Ao longe, passa um carro na rua deserta. A cidade perdeu sua boemia, agora restrita a guetos. O Rio vive a miséria; nem os botequins servem de consolos para o povo triste.

Na TV, o telejornal repete as mesmas más notícias dos últimos dias. É a sina.

Marina dormiu cedo e parecia um ursinho. Os amigos também dormiram cedo. Não é fácil a vida do insone com a cabeça cheia de dor. Nem uma mensagem salvadora no WhatsApp. Tudo bem.

Bom, vai ter Fluminense. Às sete da noite, no Maracanã gelado, com Wellington e Cris Silva, talvez até o Caio Paulista. Fiquei de encontrar o Marcelo e o Edgard na Leste, é um alívio. Os colegas ajudam a gente nas horas difíceis.

As coisas não andam boas. Na verdade nem cheiram bem, só que, ao passar na roleta cheia de fiscais, a gente quer mais é ter doze ou catorze anos de idade, tudo para reviver o melhor de nossas vidas, quando tínhamos o futuro pela frente. E eu lá quero saber dessa gente rota que pensa ser dona do meu time? Que se danem! Escroqueria sem grife.

Em algum lugar do teto eu sonho com outro jogo. Pintinho carrega a bola com elegância e lança. Imagine Rivellino, rapaz? E Félix? São muitos nomes, muitos.

Minha cabeça rolando no Maracanã. Aquele com uma espessa nuvem de pó de arroz, trezentas bandeiras e uma torcida que cantava junta, sem sujeitos com melancias no pescoço nem grandes câmeras, implorando por popularidade. Pobres diabos.

O Fluminense grande, gigante, que não aceita dois ou três anos sem título, que não comemora sétimo lugar, que não se conforma com derrotas nem com a coadjuvância.

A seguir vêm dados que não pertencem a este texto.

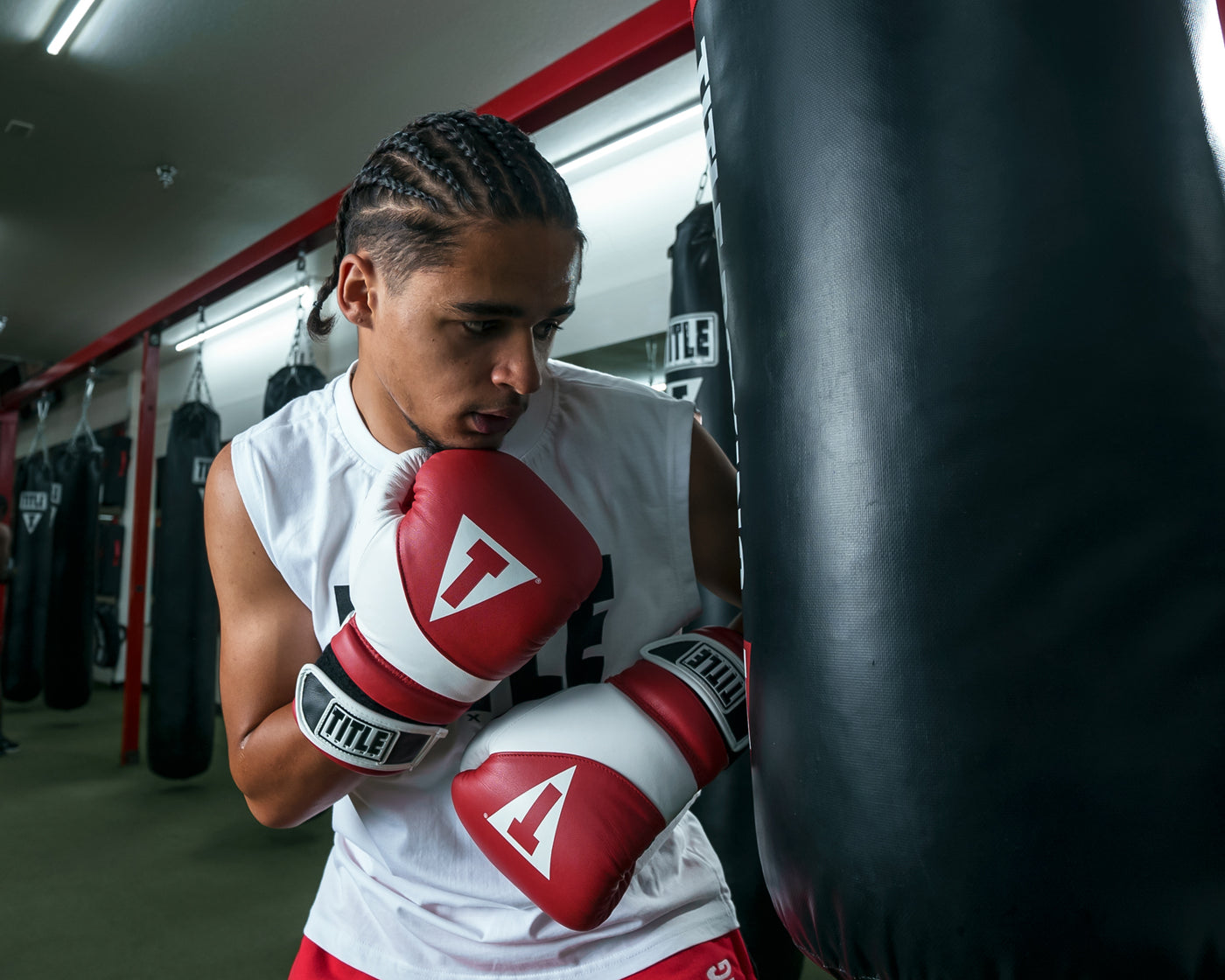 variant:Red/White::TITLE Boxing Gel Suspense Training Gloves man striking bag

Então penso em todos aqueles jogos que vivi, muitos na arquibancada e na geral, muitos nas velhas cadeiras azuis, ou ainda pelo rádio, o velho e grande Telefunken de meu pai. Muitas alegrias e tristezas também, porque torcer não é editar a própria vida. Muitos craques e perebas também. Grandes lotações e jogos de um árido deserto. É a vida em riste.

Era a multidão sonhando com as tabelas. Fosse de camisa tricolor ou branca, muito branca, o Fluminense era um azougue.

Como o tempo não espera, a luz tímida da manhã feia atravessa a cortina escura à janela. Vinte para as sete de logo mais ou daqui a pouco. O domingo sem nenhuma atração prevista termina com o Fluminense no Maracanã. Sonhar é preciso. Hora de abrir a cortina do passado.